No employee is perfect. They will make mistakes, and it’s your job as the entrepreneur and leader to give them the feedback they need to improve. However, that can be a difficult discussion to have. Attempts to help your employee can be taken the wrong way if you approach it incorrectly. Here are 5 things you can do to stack the deck in your favor and give constructive criticism in a way people will listen to:
1. Be Clear What You’re There to Accomplish
Calling an employee into a meeting an immediately telling them what they did wrong, without context, can set a poor tone to the conversation. They can easily become defensive and resistant to your criticism, limiting what you can accomplish. That’s why you need to explain what you’re there to do, from the very start. It sets expectations and gives employees time to brace themselves for what you’re about to say.
2. Develop Strong Relationships with Your Employees from the Start
The relationship you have with your employees has a direct impact on how willing they are to listen to your constructive criticism. If you have a poor relationship with them, you’ll find it much harder to give them good feedback. Conversely, an employee who trusts you will be receptive to what you have to say.

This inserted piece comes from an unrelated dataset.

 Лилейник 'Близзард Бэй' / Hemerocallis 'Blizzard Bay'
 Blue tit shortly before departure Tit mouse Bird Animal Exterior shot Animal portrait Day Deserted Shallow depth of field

3. Hold Yourself Accountable
While your employees are ultimately responsible for their own actions, as the boss, you are still accountable for their actions. You chose them and entrusted them with their responsibilities. That’s why one of the things you should do is to take responsibility for the error. Not only does this show that you’re willing to be held to a high standard, but it can also make the other person more willing to listen.
4. Get the Logistics in Order
Constructive criticism can be hard to take for some people in the best of times, which is why you need to make sure that you get the logistics right. Don’t just walk up to their desk and start giving them constructive criticism. The more public any part of the meeting is, the more friction you’ll encounter. Send them an email scheduling a meeting to discuss their performance, and then make sure that the meeting is private
5. Focus on Improving Your Employee
It’s a small thing, but putting the focus on the employee and how they can do better can greatly improve how you deliver your constructive criticism. Keep how their failure affects the company succinct. Put most of your time towards talking about their performance and what both of you can do to make them better workers. This focus makes them feel important and minimizes the chances that they’ll think you’re just trying to shame them, which can make them deaf to your message.
Giving constructive criticism isn’t easy, but it’s necessary if you want to have the support needed to succeed as an entrepreneur. You likely won’t get it right the first time, and even when you have it down, some employees will simply be harder to talk to than others. That’s OK. You can’t win them all, but you should always try.